A corresponding setup may, for example, consist of three loudspeakers (exemplarily designated with L, C and R) arranged in the front, two loudspeakers (designated with LS and RS) arranged behind or to a listener's back and one low-frequency effects channel (also referred to as LFE). The three loudspeakers arranged in the front (L, C, R) are in the following also referred to as front loudspeakers. The loudspeakers arranged behind and in the back of the listener (LS, RS) are in the following also referred to as back loudspeakers.
In addition, it is to be noted that for reasons of convenience, the following details and explanations refer to 5.1 systems. The following details may, of course, also be applied to other multi-channel systems, with only small modifications to be made.
Multi-channel systems (such as a 5.1 multi-channel audio system) provide several well-known advantages over two-channel stereo reproduction.

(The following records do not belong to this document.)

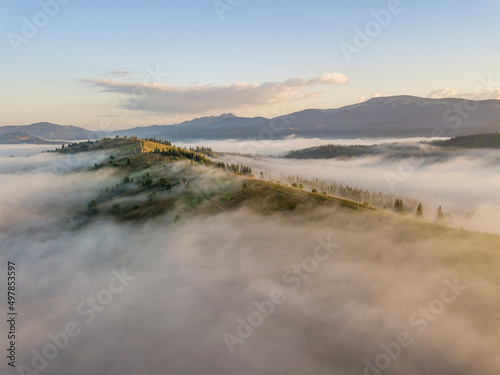 Mountain settlement in the Ukrainian Carpathians in the morning mist. Aerial drone view.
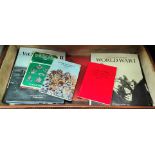 A selection of books on military badge collecting, other military subject and a     case etc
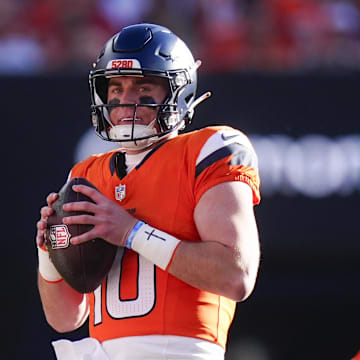 Nov 16, 2025; Denver, Colorado, USA;  Denver Broncos quarterback Bo Nix (10) looks to pass during the first quarter of the game against the Kansas City Chiefs at Empower Field at Mile High. Mandatory Credit: Ron Chenoy-Imagn Images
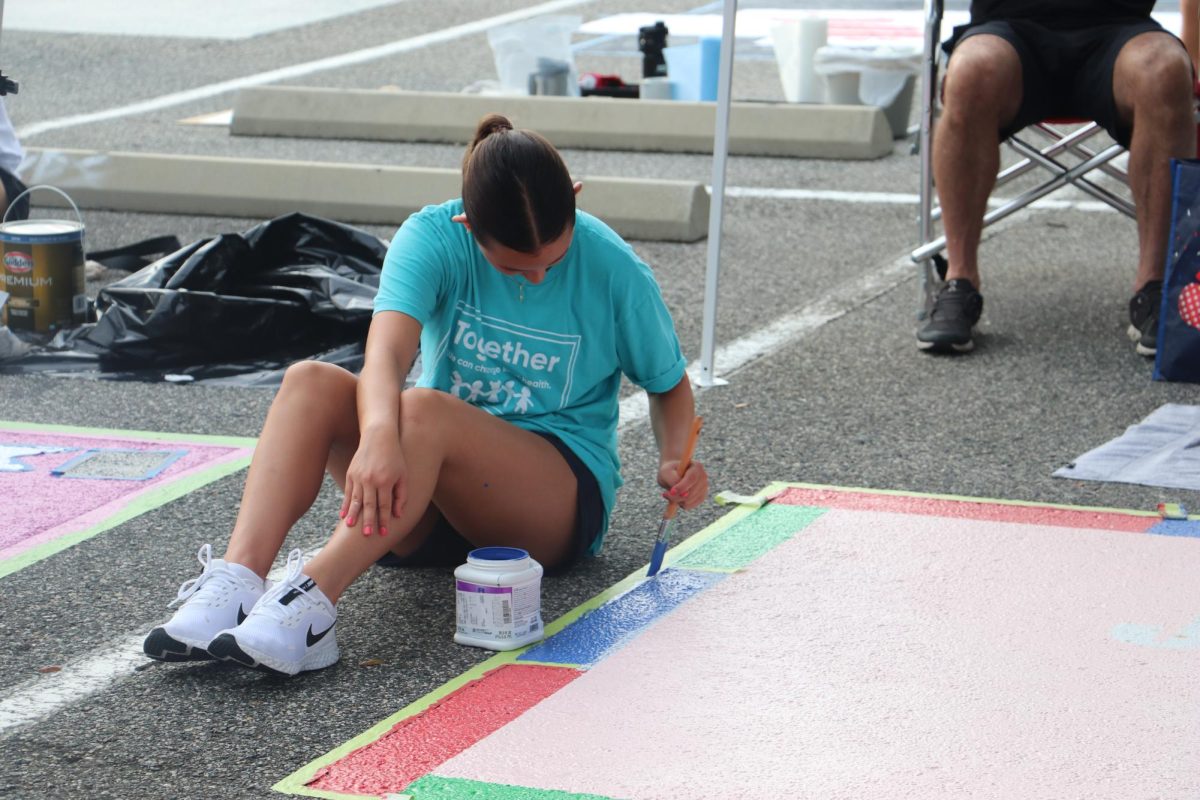 The seniors hard at work painting their parking spots on August 2nd, 2025.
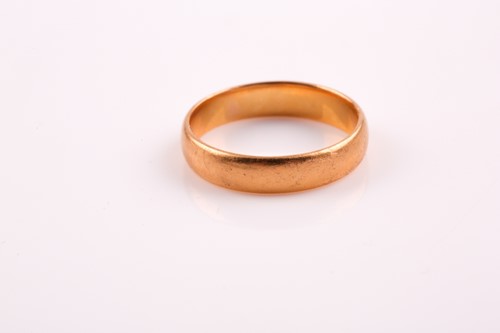 Lot 361 - A plain 22ct gold wedding band. Size P, 5.3 grams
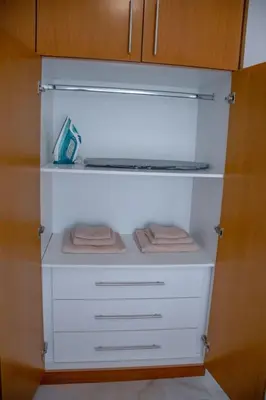 a closet with white drawers and towels in it at ELMA apartment 1 Kremasti in Kremasti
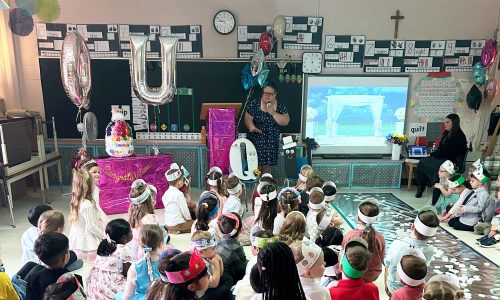 A classroom of students sits on the floor for the make believe wedding of the letters "Q" and "U".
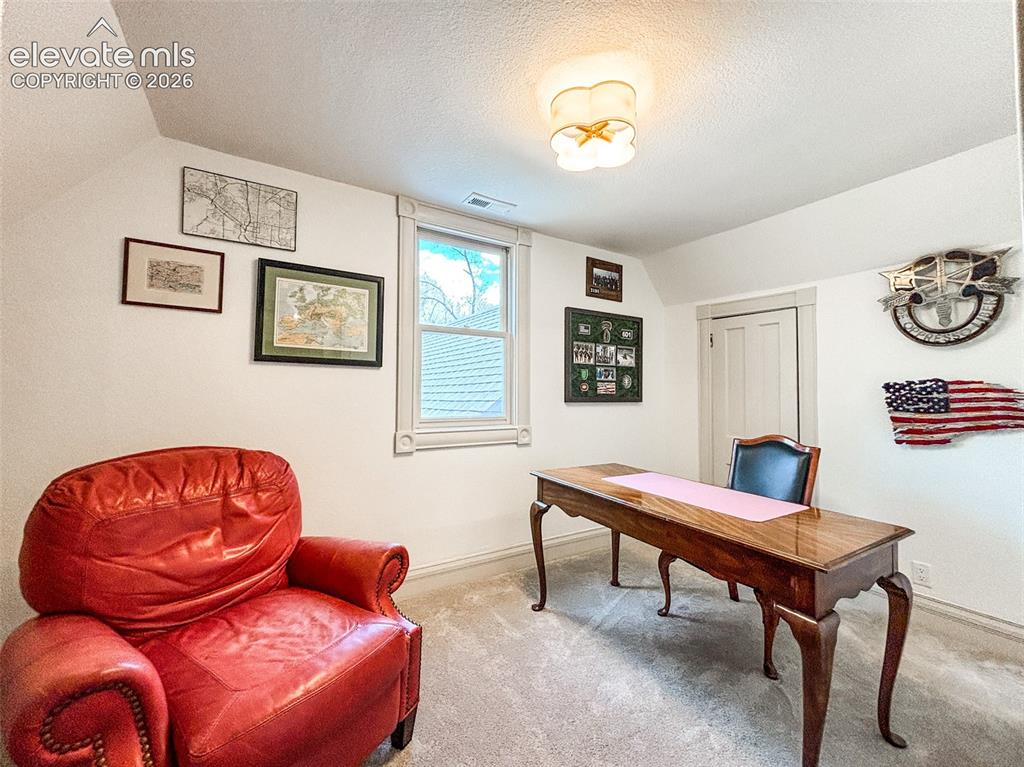 Image 26 of 33: Carpeted room featuring sloped ceilings, a window with decorative trim, and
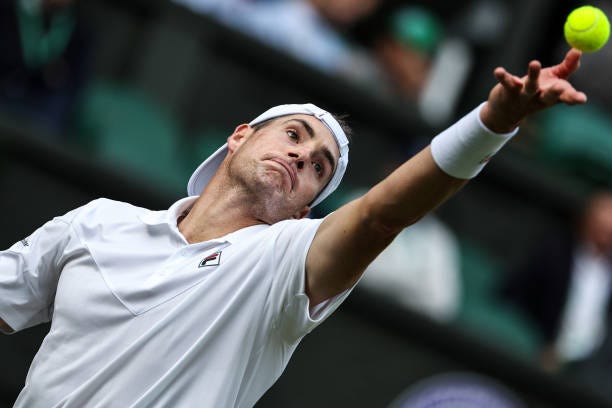 John Isner of The United States serves in the Men's Singles Second Round Match against Andy Murray of Great Britain during day three of The...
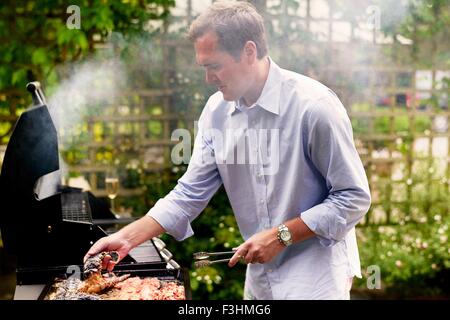 Reifer Mann Kochen Fisch und Meeresfrüchte am Grill Stockfoto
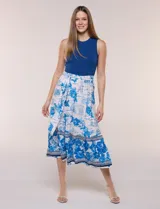 Vestido midi combinado de la marca Figueroa & Flower, con torso de modal azul sin mangas y cuello redondo, y falda evasé de rayón con estampado floral y paisajes en tonos blancos y azules, con cintura elastizada y lazo para anudar.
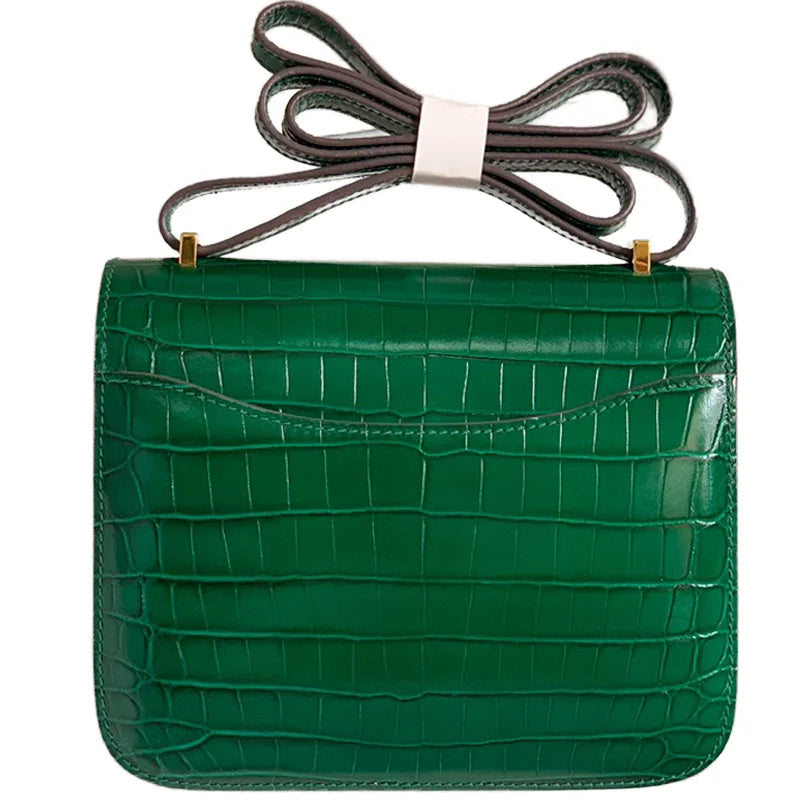 Green genuine leather compact shoulder bag with alligator pattern, gold hardware, and detachable strap. Luxury trunk style.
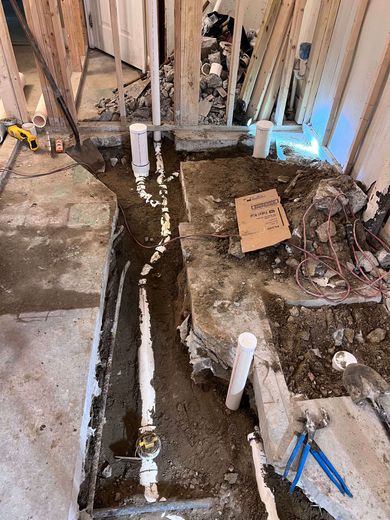 Bathroom renovation in progress with exposed plumbing pipes in a trench.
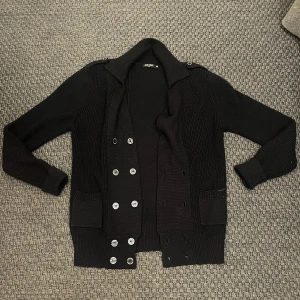 Svart stickad kofta från Antony Morato - Säljer en svart stickad kofta från Antony Morato med dubbelknäppning framtill och två fickor. Koftan har långa ärmar och en klassisk krage. Perfekt för lager-på-lager och stilrena outfits. Väldigt grisch!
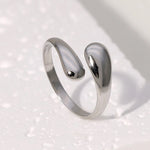 Modern luxury fine art editorial silver jewelry fluid metal ring gift for her.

This is exemplified by the following advantages:                Advantage 1: improved front image stability, even of or out of the optimal (central) listening position. The “sweet spot” is enlarged by means of the center channel. The term “sweet spot” denotes an area of listening positions where an optimal sound impression may be perceived (by a listener).        Advantage 2: Establishing a better approximation of a concert hall impression or experience. Increased experience of “envelopment” and spaciousness is obtained by the rear-channel loudspeakers or the back channel loudspeakers.        
Nevertheless, there is still a large amount of legacy audio contents consisting of only two (“stereo”) audio channels such as on compact discs. Even very old recordings and old films and TV series are sold on CDs and/or DVDs that are available in mono quality and/or by means of a one-channel “mono” audio signal only.
Therefore, there are options for the playback of mono legacy audio material via a 5.1 multi-channel setup:                Option 1: Reproduction or playback of the mono channel through the center or through the center loudspeaker so as to obtain a true mono source.        Option 2: Reproduction or playback of the mono signal over the L and R loudspeakers (i.e. over the front left loudspeaker and the front right loudspeaker). This approach produces a phantom mono source having a wider perceived source width than a true mono source but having a tendency towards the loudspeaker closest to the listener when the listener is not seated in or at the sweet spot.        This method may also be used if a two-channel playback system is available only, and it makes no use of the extended loudspeaker setup (such as a loudspeaker setup with 5 or 6 loudspeakers). The C loudspeaker or center loudspeaker, the LS loudspeaker or rear left loudspeaker, the RS loudspeaker or rear right loudspeaker and the LFE loudspeaker or low-frequency effects channel loudspeaker remain unused.        Option 3: A method may be employed for converting the channel of the mono signal to a multi-channel signal using all of the 5.1 loudspeakers (i.e. all six loudspeakers used in a 5.1 multi-channel system). In this manner, the multi-channel signal benefits from the previously discussed advantages of the multi-channel setup. The method may be employed in real time or “on the fly” or by means of preprocessing and is referred to as upmix process or “upmixing”.        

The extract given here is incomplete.